Embraced identities allow for the full expression of agency and ensure that participation is valued regardless of a person’s ethnicity, race, gender, sexuality, age, income, disability, zip code, past incarceration, or wealth. Communities of belonging shape and are shaped by individual and collective agency and participation; they allow people to share and deepen common bonds and commitments, without creating barriers to other communities.
The other elements of the vision are both means to realize agency and valued participation, and ends in themselves. They are detailed in the following sections.
Economic Rights. We envision a future where economic rights ensure economic security for all Americans. These rights reflect a commitment to ensuring a life of dignity for every person; enabling every person the freedom and agency to participate and make meaningful contributions in their communities; and revising rules and norms so that those contributions are fairly valued in the labor market. With a right to income and wealth, every person is able to meet their basic needs through varied combinations of paid work and other forms of participation; they are not compelled to work in exploitative conditions in order to survive.
In this future, all Americans have a right to a dignified standard of living, including housing, food, health care, and education. This right is achieved through laws and policies that provide:
Working in tandem with these public rights, business culture and performance metrics, incentives, and regulations reflect a full commitment to social and environmental responsibility. While continuing to pursue profitability, business leaders embrace an ethic of responsibility. They respond constructively to public policies, investor demands, and public expectations for strong social and environmental performance. Along with business leadership, extensive disclosure requirements, public and market incentives for positive contributions to their workforces, supply chains, communities and environments, and well- enforced regulations to limit negative impacts combine to shift business into alignment with broader societal values.
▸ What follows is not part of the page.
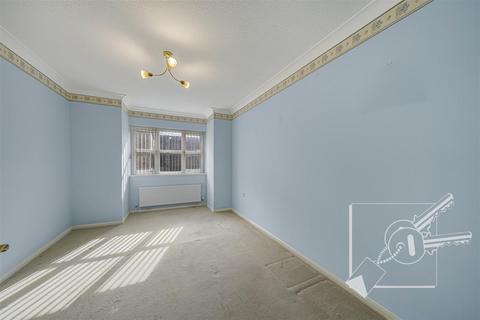1 bedroom retirement property for sale, St James Oaks, Trafalgar Road, Gravesend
Liberatory Education. Education has always been an essential foundation for personal agency and contribution, and for the shared values of communities and societies. In a society that recognizes the inherent worth and dignity of every person, the most important purpose of education is to enable every person’s agency and participation. We envision a future where education is designed to liberate, by giving individuals the freedom to know and to choose their paths and commitments, and to build and refresh the knowledge and skills they will need as participants and contributors throughout their lives. It also enables people as individuals and community members to embrace their responsibilities with their rights, to reject racism, sexism, and all forms of othering, and to collaborate with others in pursuit of the common good.
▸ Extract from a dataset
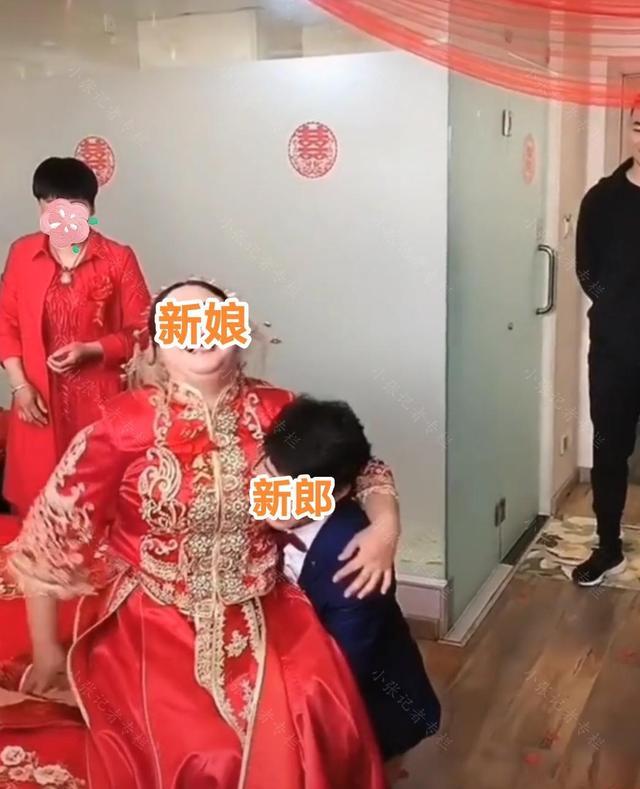 太尴尬了!新郎抱不动新娘,只好和伴郎一起将其抬上婚车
In this future, education systems have been transformed in several ways. Education at all levels is publicly financed to ensure equitable access for all, without the need for students totake on debt to complete their education. Public and private investments and standards ensure high quality education for all. In every learning community, teaching and learning practices promote mutual respect for the identities of every learner and teacher. For children and youth, learning uses individual interests to fuel exploration and development. While meeting public standards for core competencies and knowledge, young people pursue knowledge and skills that motivate them, with adult teachers and mentors in the community acting as guides and resources. Practices of democratic engagement are woven into the learning experiences of children and youth, as deeply inculcated as knowledge and skills for productive work. For adults, there are ample opportunities for life-long learning, both as a way to maintain and increase the value of contributions through paid work, and as a way to connect to place-based and virtual communities with shared interests and passions.
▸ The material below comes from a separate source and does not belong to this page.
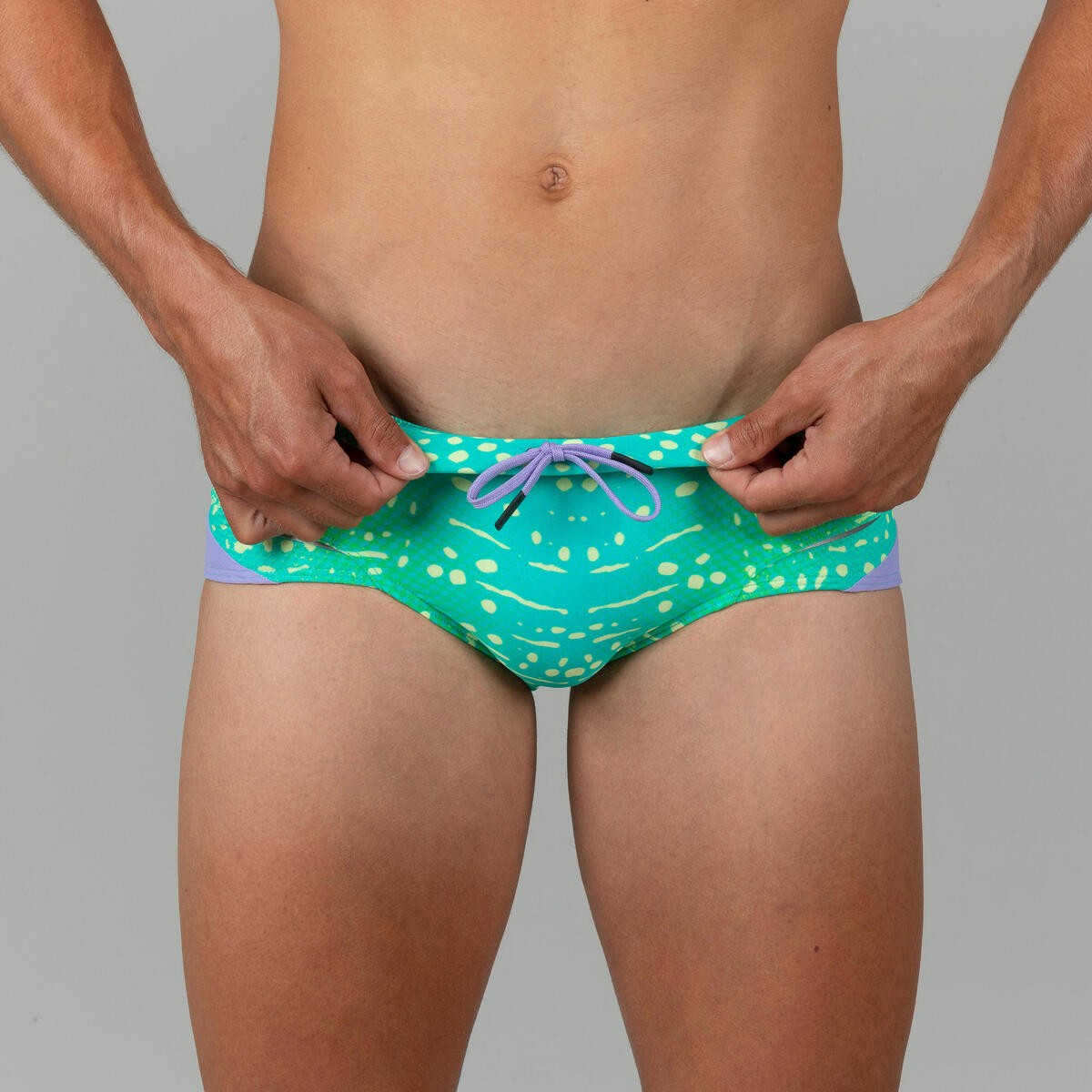 Maillot natation homme slip bandeau 900 baleo vert jaune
To support these fundamental transformations, there have been substantial shifts in educational policies, teacher training, resource allocation, and community, family and learner engagement in policy making, curriculum development, and the learning process. Public institutions and the expertise of educators support both a shared national culture and base of knowledge and the cultures and norms of particular communities. Finally, educational institutions, policies and curricula are much more dynamic in their interaction with an ever-evolving society. Learning happens virtually and in the community, as well as in place-based schools. Rather than five subjects taught in classrooms with incremental advances each school year, there are many opportunities for defining and credentialing competencies and skills, responsive to individual interests and local community contexts.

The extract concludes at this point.